- _WHAT TO PRODUCE_
Retype word for word the stretch of entries below from the line that has "Visional LED E14 C35T, 4W, 520lm, 3000K" through the line that has "Aviator Nation Relaxed", and omit the pictures.

- _PROVIDED MATERIAL_
BEGIN

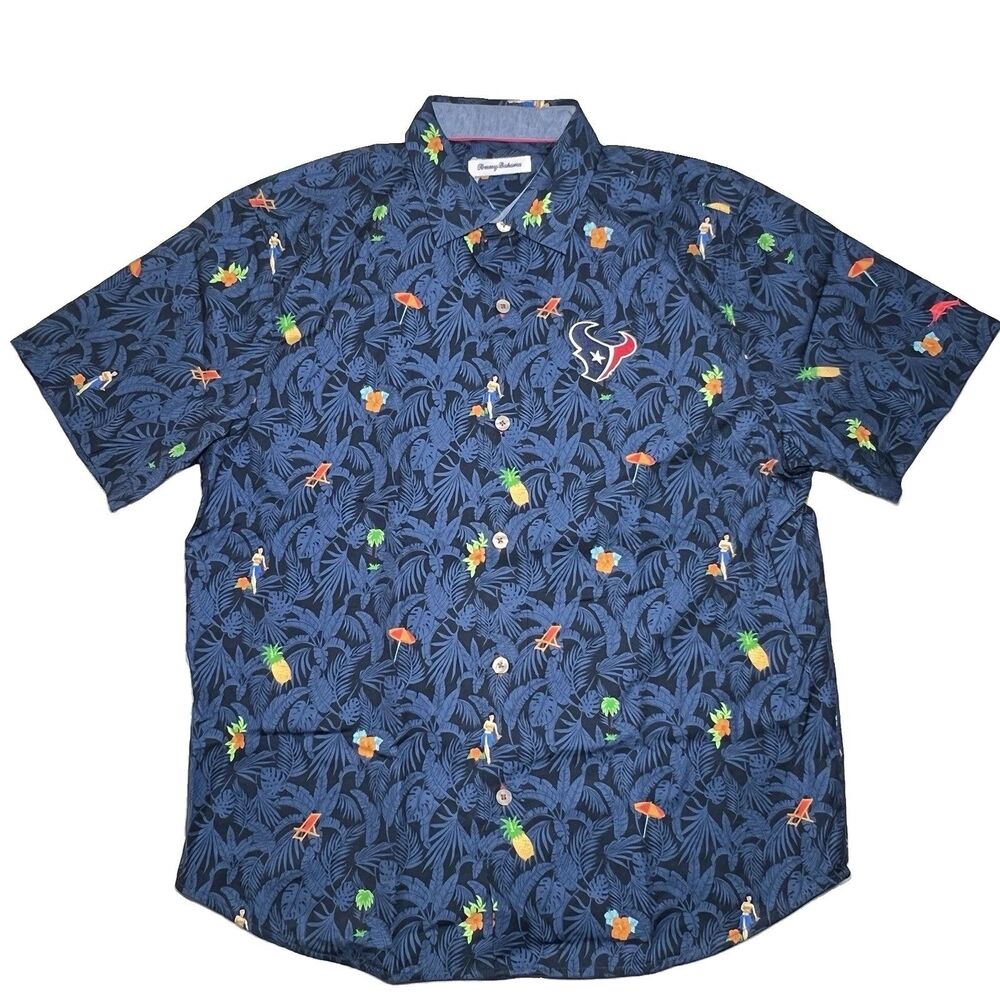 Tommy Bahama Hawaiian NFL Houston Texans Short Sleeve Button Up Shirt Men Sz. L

END
BEGIN

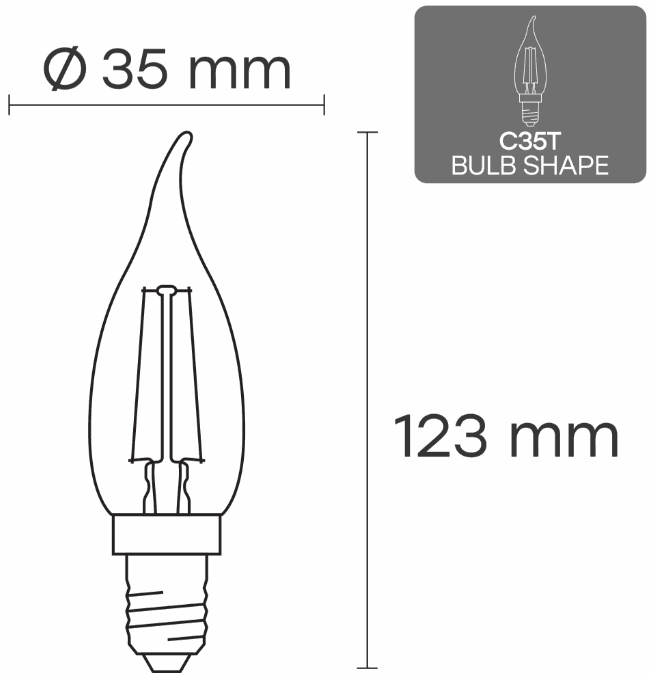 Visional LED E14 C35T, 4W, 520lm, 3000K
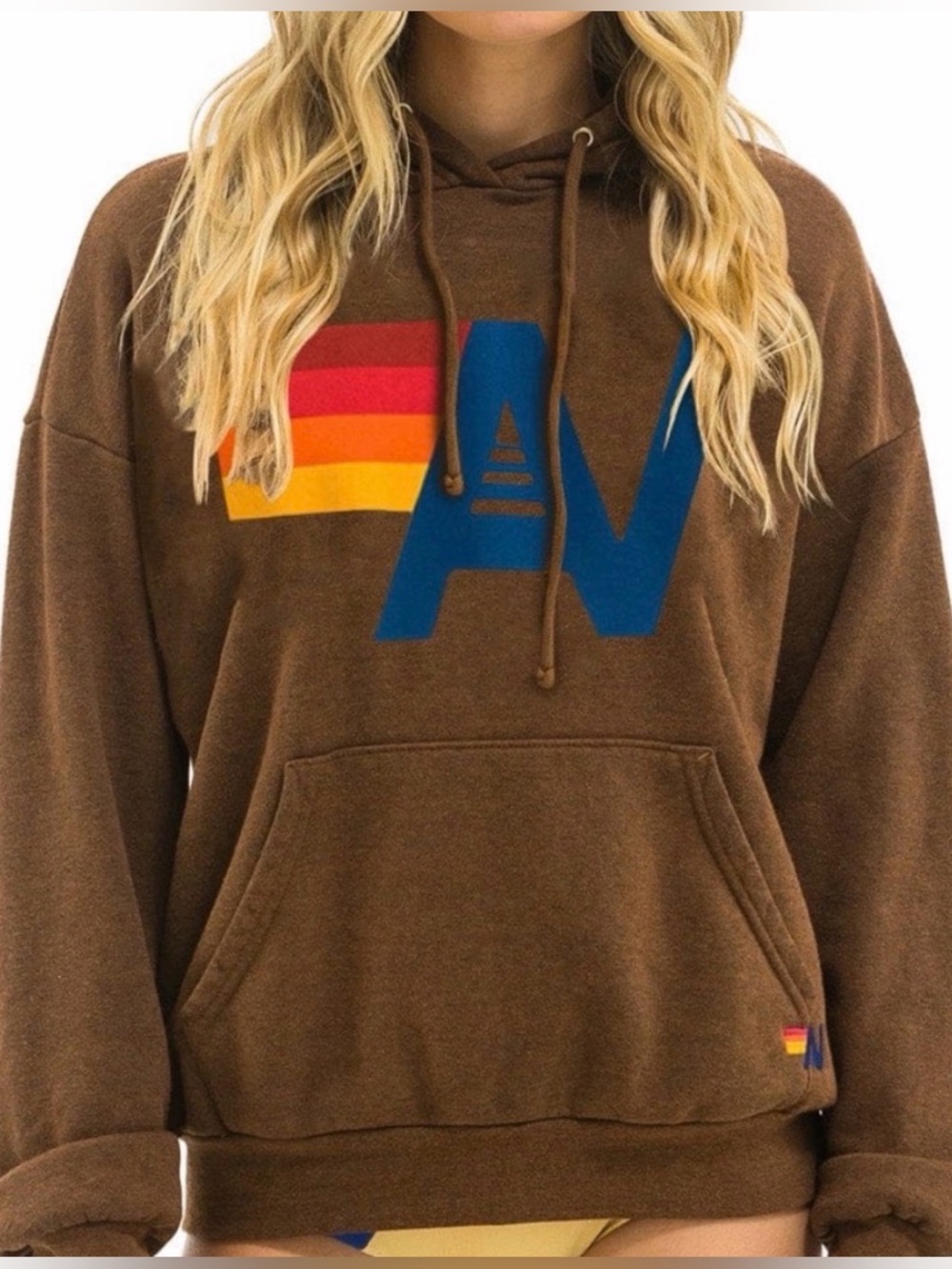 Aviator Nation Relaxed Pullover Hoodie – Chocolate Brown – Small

END

- _OUTPUT FOR THIS TASK_
 Visional LED E14 C35T, 4W, 520lm, 3000K
 Aviator Nation Relaxed Pullover Hoodie – Chocolate Brown – Small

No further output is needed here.